Eu nasci no Estado do Paraná, especificamente em Londrina, e depois, com mais ou menos uns três a quatro meses de idade levaram-me para Ji-Paraná, uma cidade no interior do Estado de Rondônia, onde fui adquirido pela simpática e amorosa loira estabanada, a filha dos meus amigos.

Logo depois fui levado para Porto Velho, capital do Estado, onde residi por alguns anos. Posteriormente os meus diletos amigos mudaram-se para João Pessoa, capital do Estado da Paraíba. Aí a minha vida mudou, radicalmente, e para melhor.

Na aprazível cidade praiana de João Pessoa, o meu cotidiano é tranquilo e agradável. Pela manhã, lá pelas seis ou sete horas, solto longos suspiros, às vezes espirro baixinho. Esses ruídos servem para acordar os meus amigos. Aí, um deles, invariavelmente a esposa do meu amigo, abraça-me carinhosamente e depois coloca-me em cima da cama para eu acordar o meu amigo. Esse é o momento que eu mais gosto porque dou longas lambidas na orelha dele para acordá-lo. Algumas vezes ele acorda rindo e depois abraça-me tão apertado que quase me deixa sufocado, outras vezes, com muito sono ainda, ele se esconde debaixo das cobertas e então, eu fico pulando por cima dele, de um lado para outro. E aí, não tem jeito, ele acorda e brinca um pouco comigo... Não é legal???

Depois das abluções dos meus amigos, saímos para o nosso passeio matinal pelas ruas do bairro, em algumas vezes vamos caminhar na Praia do Bessa. Adoro.

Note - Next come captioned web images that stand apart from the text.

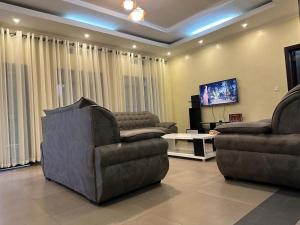 uma sala de estar com 2 cadeiras e uma televisão de ecrã plano em Cento Stalloni em Kigali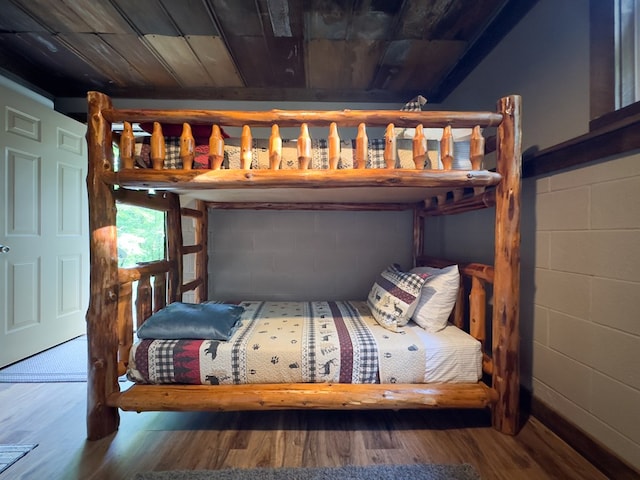 bedroom featuring wooden ceiling, concrete block wall, and wood finished floors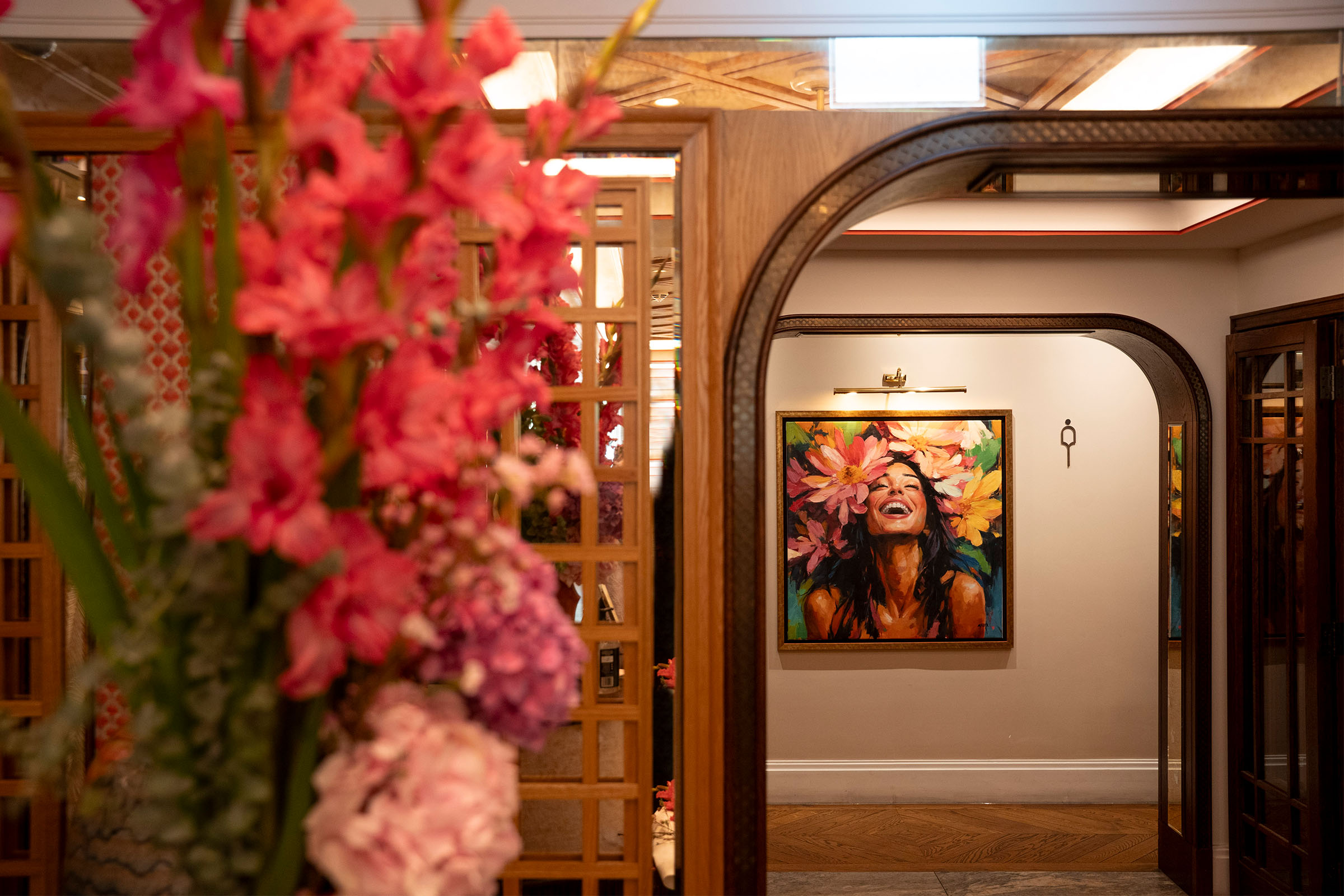 Gabrielle Malak floral portrait set into an archway at La Maison Ani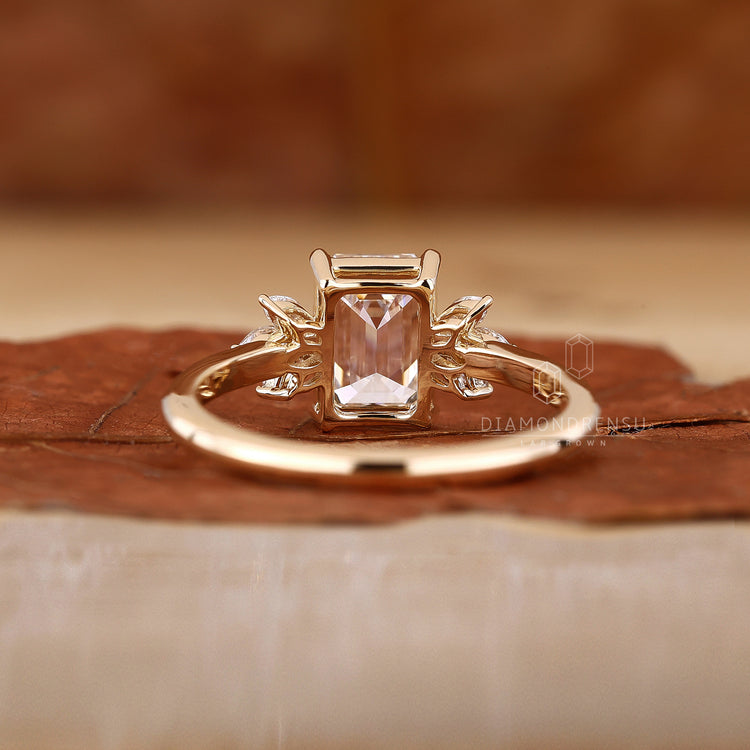 Handmade ring featuring a stunning emerald cut emerald and marquise Diamonds.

Ao final do passeio matinal cada um vai cuidar dos seus afazeres, minha amiga cuida das coisas do apartamento, dá alguns telefonemas, assiste TV ou liga o “notebook” e vai navegar na internet. O meu amigo quando não tem outros compromissos, invariavelmente ele lê ou escreve. O meu amigo é “escrevinhador”, sabe? Claro, definição dele, não minha. Quanto a mim, é lógico, depois de comer o meu ‘breakfast’ fico por ali, observando-os; outras vezes o meu amigo brinca comigo... Corremos um atrás do outro... Depois vou meditar... Quem não me conhece jura que eu estou dormindo, mas eu garanto de patas juntas, não estou dormindo... Estou m e d i t a n d o!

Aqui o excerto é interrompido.